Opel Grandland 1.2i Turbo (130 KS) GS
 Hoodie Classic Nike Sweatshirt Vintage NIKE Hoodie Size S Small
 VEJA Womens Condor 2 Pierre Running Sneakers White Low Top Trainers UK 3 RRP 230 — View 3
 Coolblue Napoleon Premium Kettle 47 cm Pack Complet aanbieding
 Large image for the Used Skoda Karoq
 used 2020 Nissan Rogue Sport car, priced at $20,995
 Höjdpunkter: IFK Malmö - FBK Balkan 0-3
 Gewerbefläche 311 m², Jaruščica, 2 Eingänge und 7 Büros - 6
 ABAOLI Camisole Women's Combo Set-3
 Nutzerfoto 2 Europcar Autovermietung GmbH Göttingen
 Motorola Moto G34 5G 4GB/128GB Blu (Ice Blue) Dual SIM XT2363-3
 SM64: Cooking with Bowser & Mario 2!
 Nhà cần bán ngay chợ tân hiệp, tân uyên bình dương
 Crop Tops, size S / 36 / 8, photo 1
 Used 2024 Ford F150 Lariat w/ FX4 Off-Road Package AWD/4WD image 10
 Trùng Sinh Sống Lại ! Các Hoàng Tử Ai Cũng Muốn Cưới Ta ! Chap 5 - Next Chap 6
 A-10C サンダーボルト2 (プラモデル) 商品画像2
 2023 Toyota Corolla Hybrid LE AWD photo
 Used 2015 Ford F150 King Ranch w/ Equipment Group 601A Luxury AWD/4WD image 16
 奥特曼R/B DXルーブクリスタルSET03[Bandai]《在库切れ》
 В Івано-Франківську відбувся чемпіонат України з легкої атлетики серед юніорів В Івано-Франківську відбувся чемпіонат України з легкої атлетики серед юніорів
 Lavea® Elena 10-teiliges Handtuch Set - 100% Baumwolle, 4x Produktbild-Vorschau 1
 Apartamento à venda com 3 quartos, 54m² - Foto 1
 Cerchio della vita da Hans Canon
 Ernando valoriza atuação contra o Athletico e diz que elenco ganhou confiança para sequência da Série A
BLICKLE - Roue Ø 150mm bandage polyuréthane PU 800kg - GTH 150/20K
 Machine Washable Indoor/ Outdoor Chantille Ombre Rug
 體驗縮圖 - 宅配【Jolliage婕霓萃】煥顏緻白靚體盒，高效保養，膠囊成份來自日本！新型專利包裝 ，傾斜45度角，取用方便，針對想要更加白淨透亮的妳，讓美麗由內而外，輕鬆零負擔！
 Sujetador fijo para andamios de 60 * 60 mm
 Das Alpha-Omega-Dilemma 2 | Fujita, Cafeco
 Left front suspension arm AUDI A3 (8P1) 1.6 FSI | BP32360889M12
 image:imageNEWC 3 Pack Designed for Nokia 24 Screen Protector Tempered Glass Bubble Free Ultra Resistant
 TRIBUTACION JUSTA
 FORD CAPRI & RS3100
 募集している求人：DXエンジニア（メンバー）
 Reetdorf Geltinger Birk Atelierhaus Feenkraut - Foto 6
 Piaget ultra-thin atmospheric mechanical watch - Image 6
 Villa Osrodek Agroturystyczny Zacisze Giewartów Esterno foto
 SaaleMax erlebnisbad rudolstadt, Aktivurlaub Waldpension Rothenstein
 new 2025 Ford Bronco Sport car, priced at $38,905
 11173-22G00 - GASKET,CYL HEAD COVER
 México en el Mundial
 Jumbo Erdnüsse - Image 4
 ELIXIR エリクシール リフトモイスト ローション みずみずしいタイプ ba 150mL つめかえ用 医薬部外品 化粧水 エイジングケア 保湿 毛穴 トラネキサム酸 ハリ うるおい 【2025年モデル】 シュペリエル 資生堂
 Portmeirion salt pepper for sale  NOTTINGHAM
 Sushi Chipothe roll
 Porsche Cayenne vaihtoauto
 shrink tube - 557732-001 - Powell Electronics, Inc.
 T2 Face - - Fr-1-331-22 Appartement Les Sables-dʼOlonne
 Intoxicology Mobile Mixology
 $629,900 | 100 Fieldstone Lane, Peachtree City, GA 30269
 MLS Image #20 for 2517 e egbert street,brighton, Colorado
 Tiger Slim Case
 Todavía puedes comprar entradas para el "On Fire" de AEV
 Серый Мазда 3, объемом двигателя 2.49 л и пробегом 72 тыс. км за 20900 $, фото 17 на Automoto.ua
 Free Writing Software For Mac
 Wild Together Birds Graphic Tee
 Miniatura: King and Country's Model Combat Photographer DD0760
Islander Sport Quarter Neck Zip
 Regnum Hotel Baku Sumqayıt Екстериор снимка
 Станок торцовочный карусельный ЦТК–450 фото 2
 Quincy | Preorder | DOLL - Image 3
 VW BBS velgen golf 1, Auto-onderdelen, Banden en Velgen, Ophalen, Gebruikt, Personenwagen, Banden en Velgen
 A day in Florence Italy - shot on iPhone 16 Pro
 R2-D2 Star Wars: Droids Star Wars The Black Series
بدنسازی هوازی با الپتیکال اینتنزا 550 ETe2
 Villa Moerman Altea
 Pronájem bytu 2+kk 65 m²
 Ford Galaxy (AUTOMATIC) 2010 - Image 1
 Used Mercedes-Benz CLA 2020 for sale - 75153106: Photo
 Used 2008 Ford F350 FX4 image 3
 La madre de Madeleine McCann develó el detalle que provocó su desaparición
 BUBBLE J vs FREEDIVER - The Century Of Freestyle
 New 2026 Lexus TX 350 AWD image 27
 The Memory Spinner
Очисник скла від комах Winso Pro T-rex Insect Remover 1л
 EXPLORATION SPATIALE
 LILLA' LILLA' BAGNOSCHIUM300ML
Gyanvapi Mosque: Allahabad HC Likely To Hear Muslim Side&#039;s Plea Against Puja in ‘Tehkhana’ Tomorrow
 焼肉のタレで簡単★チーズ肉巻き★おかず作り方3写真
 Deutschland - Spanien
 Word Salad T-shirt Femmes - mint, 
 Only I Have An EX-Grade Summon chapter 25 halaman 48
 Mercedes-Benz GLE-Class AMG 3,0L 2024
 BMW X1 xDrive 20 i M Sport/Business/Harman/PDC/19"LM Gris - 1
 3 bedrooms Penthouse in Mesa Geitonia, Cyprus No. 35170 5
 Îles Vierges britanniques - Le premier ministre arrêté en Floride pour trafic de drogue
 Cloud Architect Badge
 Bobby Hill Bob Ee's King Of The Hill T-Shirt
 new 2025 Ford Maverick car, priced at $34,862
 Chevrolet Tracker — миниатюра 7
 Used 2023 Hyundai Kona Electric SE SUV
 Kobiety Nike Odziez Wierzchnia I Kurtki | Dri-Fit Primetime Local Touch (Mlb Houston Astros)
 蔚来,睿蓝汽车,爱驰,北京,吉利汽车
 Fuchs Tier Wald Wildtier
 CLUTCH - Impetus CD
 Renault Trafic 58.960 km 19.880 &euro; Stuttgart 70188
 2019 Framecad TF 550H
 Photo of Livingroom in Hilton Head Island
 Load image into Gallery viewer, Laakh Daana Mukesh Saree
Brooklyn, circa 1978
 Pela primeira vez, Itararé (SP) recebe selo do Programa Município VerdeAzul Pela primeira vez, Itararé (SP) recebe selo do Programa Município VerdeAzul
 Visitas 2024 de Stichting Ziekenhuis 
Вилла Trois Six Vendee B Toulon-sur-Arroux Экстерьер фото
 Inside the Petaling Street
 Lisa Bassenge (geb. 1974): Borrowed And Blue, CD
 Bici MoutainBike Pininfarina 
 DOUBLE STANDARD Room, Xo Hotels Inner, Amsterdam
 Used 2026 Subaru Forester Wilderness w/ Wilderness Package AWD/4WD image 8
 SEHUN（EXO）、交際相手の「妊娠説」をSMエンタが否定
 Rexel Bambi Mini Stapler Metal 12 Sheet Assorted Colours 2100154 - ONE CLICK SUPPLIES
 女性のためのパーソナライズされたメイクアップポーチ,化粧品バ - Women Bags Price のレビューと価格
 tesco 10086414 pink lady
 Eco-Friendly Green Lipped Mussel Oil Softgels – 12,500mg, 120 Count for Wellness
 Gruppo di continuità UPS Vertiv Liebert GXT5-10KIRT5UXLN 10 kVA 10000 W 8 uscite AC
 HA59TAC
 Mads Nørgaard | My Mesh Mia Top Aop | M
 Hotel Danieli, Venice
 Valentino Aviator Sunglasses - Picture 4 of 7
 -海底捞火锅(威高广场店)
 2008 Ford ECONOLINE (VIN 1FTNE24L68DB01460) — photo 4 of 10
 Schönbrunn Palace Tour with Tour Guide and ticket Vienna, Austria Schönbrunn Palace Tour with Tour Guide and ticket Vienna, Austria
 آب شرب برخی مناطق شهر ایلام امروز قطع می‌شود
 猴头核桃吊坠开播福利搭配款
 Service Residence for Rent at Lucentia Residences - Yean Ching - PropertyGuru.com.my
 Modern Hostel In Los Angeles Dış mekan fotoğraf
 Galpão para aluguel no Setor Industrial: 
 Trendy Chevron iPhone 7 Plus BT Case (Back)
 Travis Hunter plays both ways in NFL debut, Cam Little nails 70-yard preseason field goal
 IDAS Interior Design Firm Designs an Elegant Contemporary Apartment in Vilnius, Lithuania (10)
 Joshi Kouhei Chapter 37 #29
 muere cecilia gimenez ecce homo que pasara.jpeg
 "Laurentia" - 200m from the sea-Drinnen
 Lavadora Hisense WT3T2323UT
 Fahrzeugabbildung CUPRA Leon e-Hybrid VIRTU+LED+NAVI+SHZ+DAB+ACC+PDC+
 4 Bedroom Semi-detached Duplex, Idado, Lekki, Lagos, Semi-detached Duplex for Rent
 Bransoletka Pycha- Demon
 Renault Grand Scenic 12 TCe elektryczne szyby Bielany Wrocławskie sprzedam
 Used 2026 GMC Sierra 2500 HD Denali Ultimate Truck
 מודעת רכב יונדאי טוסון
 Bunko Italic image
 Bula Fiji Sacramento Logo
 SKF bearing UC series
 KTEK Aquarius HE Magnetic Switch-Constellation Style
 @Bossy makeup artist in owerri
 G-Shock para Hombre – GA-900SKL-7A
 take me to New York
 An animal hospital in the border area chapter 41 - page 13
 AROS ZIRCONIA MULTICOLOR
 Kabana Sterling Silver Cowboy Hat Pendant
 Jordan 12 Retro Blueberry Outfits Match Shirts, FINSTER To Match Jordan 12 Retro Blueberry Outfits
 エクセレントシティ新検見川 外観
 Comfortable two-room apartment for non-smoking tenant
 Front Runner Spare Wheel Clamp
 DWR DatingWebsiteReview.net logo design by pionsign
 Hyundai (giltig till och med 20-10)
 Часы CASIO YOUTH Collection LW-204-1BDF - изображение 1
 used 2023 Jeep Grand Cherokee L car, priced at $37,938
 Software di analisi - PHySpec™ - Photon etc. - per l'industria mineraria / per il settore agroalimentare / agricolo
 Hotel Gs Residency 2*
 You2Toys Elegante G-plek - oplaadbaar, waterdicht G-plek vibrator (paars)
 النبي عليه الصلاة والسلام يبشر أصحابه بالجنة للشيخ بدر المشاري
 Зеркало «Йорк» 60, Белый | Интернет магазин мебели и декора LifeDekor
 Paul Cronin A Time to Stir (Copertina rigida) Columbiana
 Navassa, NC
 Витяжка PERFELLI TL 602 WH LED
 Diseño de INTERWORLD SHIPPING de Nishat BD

=-=-=

→ Brief
Print exactly the lines above from the one with "Pronájem bytu 2+kk 65 m²" to the one with "BUBBLE J vs", including both.

→ Task result
 Pronájem bytu 2+kk 65 m²
 Ford Galaxy (AUTOMATIC) 2010 - Image 1
 Used Mercedes-Benz CLA 2020 for sale - 75153106: Photo
 Used 2008 Ford F350 FX4 image 3
 La madre de Madeleine McCann develó el detalle que provocó su desaparición
 BUBBLE J vs FREEDIVER - The Century Of Freestyle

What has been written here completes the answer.